As filed with the Securities and Exchange Commission on March 1, 2019.
Registration No. 333-211938
SECURITIES AND EXCHANGE COMMISSION
WASHINGTON, D.C. 20549
POST-EFFECTIVE AMENDMENT NO. 1
REGISTRATION STATEMENT UNDER THE SECURITIES ACT OF 1933
(Exact Name of Registrant as Specified in its Charter)
(Translation of Registrants Name into English)
(State or other Jurisdiction of
Incorporation or Organization)
|(I.R.S. Employer Identification No.)|
7 Sanhedrin Boulevard
North Industrial Zone
P.O. Box 215
Tel: + 972-8-9423533
(Address and telephone number of Registrants principal executive offices)
Teri A. Little
Executive Vice President and Chief Legal Officer
1 Technology Drive
Milpitas, California 95035
(Name, address and telephone number of agent for service)
Bradley L. Finkelstein
Douglas K. Schnell
Wilson Sonsini Goodrich & Rosati
650 Page Mill Road
Palo Alto, California 94304
Tel: (650) 493-9300
Fax: (650) 493-6811
Associate General Counsel
1 Technology Drive
Milpitas, California 95035
Tel: (408) 875-3000
Fax: (408) 678-8324
Approximate date of commencement of proposed sale to the public: From time to time after the effective date of this registration statement as determined by market conditions.

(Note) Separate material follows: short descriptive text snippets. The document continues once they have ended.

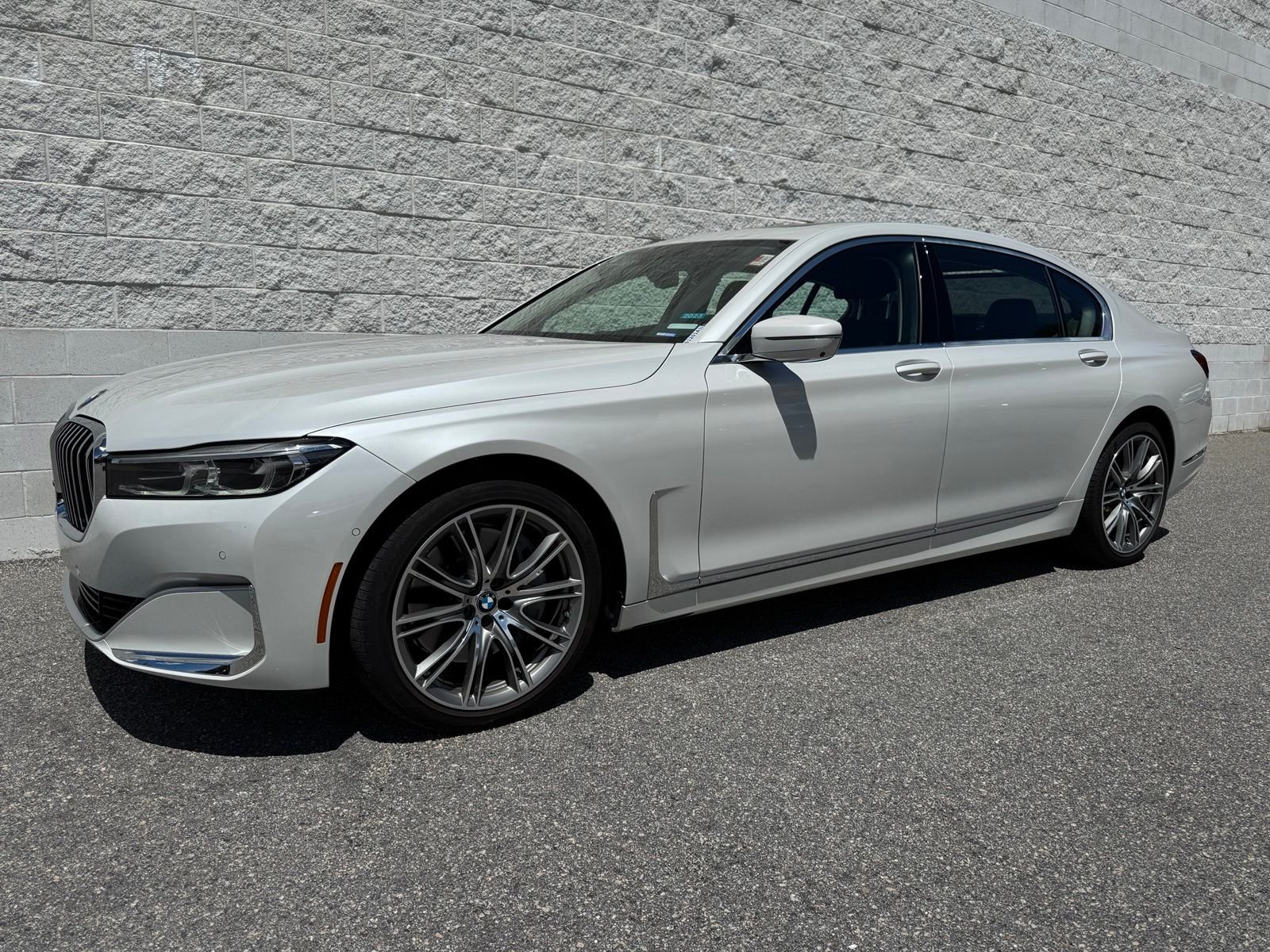 Used 2020 White Metallic BMW 750i xDrive image 1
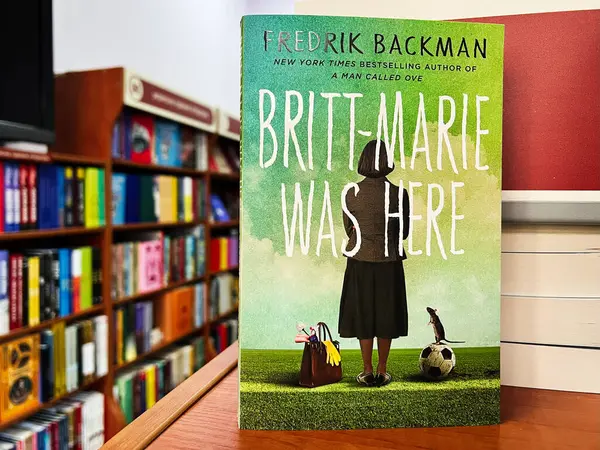 Lviv, Ukrayna - 20 Şubat 2025: Fredrik Backman 'ın kitapçıdaki ahşap bir rafta yazdığı' Britt-Marie buradaydı 'romanının karton kapaklı kopyası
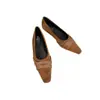 Terciopelo de otoño nuevo bajo precio versátil estilo retro sin cordones zapatos de abuela suela suave boca poco profunda zapatos de un solo color para mujer punta cuadrada 2026 para ir al trabajo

If the only securities being registered on this Form are being offered pursuant to dividend or interest reinvestment plans, please check the following box. ☐
If any of the securities being registered on this Form are to be offered on a delayed or continuous basis pursuant to Rule 415 under the Securities Act of 1933, check the following box. ☐
If this Form is filed to register additional securities for an offering pursuant to Rule 462(b) under the Securities Act, please check the following box and list the Securities Act registration statement number of the earlier effective registration statement for the same offering. ☐
If this Form is a post-effective amendment filed pursuant to Rule 462(c) under the Securities Act, check the following box and list the Securities Act registration statement number of the earlier effective registration statement for the same offering. ☐
If this Form is a registration statement pursuant to General Instruction I.C. or a post-effective amendment thereto that shall become effective upon filing with the Commission pursuant to Rule 462(e) under the Securities Act, check the following box. ☒
If this Form is a post-effective amendment to a registration statement filed pursuant to General Instruction I.C. filed to register additional securities or additional classes of securities pursuant to Rule 413(b) under the Securities Act, check the following box. ☐
Indicate by check mark whether the registrant is an emerging growth company as defined in Rule 405 of the Securities Act of 1933.
Emerging growth company ☐
If an emerging growth company that prepares its financial statements in accordance with U.S. GAAP, indicate by check mark if the registrant has elected not to use the extended transition period for complying with any new or revised financial accounting standards provided pursuant to Section 7(a)(2)(B) of the Securities Act. ☐
DEREGISTRATION OF SECURITIES
This Post-Effective Amendment No. 1 (this Post-Effective Amendment), filed by Orbotech Ltd. (the Company), relates to the Registration Statement on Form F-3 (Registration No. 333-211938) filed by the Company with the U.S. Securities and Exchange Commission on June 9, 2016 (the Registration Statement), pursuant to which the Company registered an indeterminate number of ordinary shares of the Company.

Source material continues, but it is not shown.